Work to be completed =
Print, word for word, the line containing "MAY MARA Cămașă" and all lines beneath it to the end of the entries below. Pictures do not belong in the copy.

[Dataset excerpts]

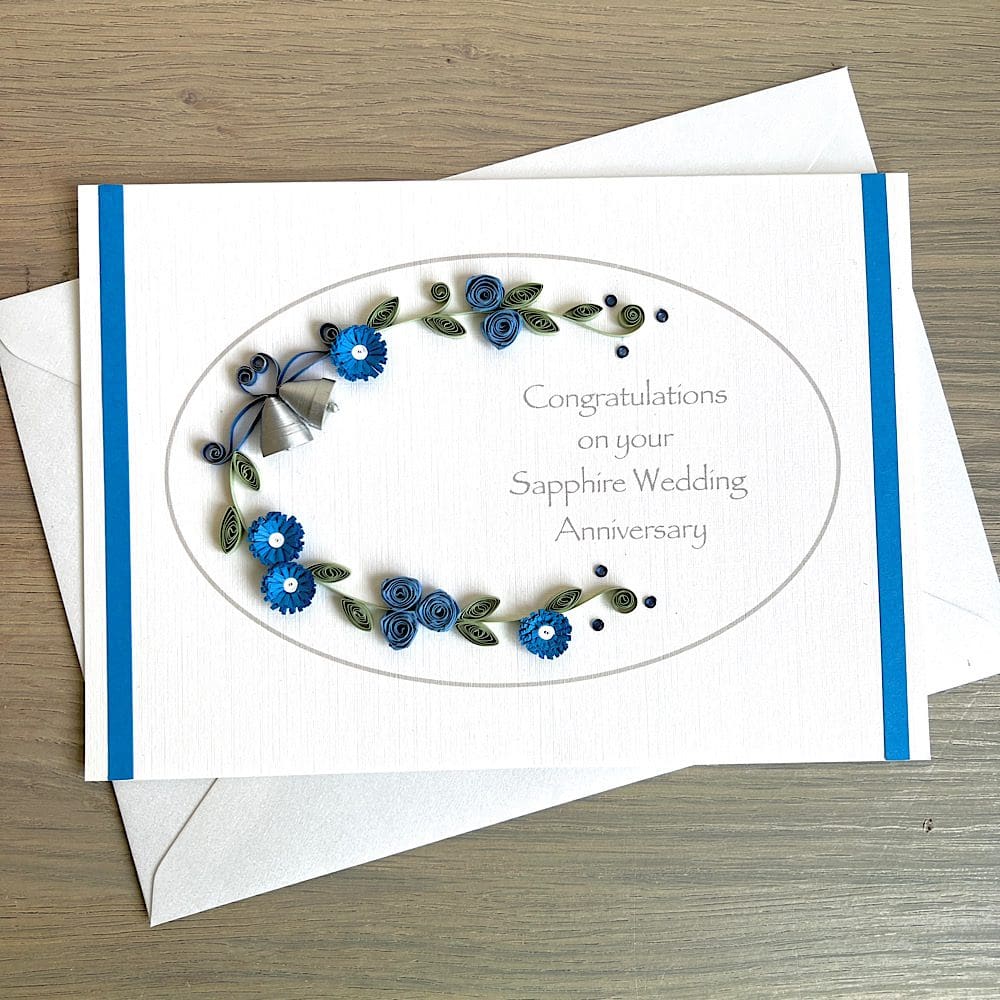 Quilled sapphire wedding 65th anniversary card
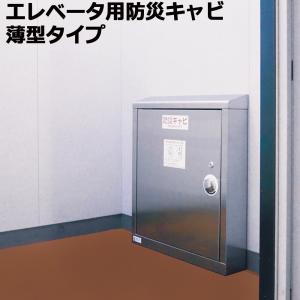 エレベーター用防災キャビ 薄型タイプ 防災用品 防災グッズ 災害 対策 マンション ビル 地震 停電 故障 ステンレス｜bousaikeikaku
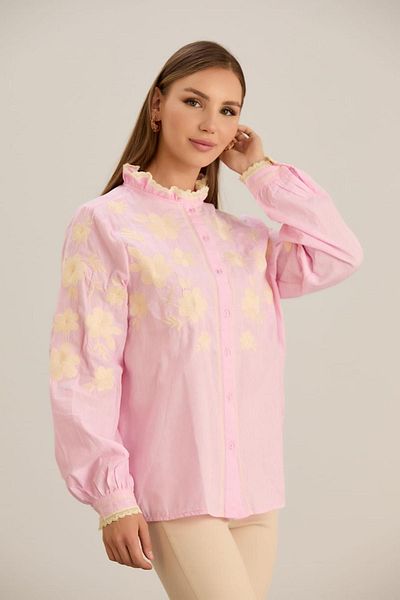 MAY MARA Cămașă pentru femei din in natural, cu mâneci și guler, cu detaliu de broderie în față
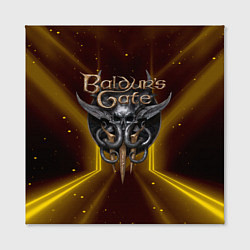 Холст квадратный Baldurs Gate 3 logo black gold, цвет: 3D-принт — фото 2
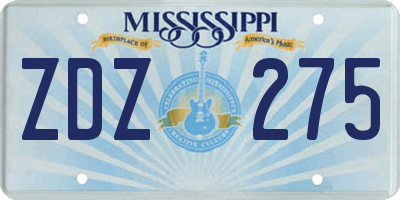 MS license plate ZDZ275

Your solution =
 MAY MARA Cămașă pentru femei din in natural, cu mâneci și guler, cu detaliu de broderie în față
 Холст квадратный Baldurs Gate 3 logo black gold, цвет: 3D-принт — фото 2
 MS license plate ZDZ275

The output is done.